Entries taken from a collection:
+ + + + + + +

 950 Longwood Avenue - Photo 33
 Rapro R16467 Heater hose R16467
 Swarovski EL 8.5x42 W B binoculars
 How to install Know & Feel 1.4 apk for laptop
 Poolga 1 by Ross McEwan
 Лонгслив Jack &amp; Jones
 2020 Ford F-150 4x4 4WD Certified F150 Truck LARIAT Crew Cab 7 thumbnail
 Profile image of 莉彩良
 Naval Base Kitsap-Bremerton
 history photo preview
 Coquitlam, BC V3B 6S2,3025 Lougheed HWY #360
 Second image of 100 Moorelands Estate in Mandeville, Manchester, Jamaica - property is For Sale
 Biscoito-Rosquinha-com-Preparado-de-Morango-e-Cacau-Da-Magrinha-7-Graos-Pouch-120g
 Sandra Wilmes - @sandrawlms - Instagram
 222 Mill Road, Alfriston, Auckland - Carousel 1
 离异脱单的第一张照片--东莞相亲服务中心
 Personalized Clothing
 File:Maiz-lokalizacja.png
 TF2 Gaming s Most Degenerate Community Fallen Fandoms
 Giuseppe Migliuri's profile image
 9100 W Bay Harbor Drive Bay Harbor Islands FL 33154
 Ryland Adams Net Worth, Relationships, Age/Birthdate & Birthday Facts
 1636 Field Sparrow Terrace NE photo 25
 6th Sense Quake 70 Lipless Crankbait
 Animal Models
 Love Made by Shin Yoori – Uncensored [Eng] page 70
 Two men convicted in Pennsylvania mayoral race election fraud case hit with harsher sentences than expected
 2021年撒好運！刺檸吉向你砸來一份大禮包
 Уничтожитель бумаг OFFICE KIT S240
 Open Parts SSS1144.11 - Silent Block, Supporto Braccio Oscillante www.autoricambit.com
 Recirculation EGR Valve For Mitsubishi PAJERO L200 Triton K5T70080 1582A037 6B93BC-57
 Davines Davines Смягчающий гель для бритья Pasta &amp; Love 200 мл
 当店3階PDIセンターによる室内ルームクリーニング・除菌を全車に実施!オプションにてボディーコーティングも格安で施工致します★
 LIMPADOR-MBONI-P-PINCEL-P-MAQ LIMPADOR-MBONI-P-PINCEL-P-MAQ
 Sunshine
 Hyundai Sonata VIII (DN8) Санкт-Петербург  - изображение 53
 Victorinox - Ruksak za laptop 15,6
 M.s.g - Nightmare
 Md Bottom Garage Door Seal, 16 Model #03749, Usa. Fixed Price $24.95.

+ + + + + + +

• _EXERCISE BRIEF_: Your answer must be one number: how many lines of the data contain "laptop".

• _RESPONSE BELOW_: 2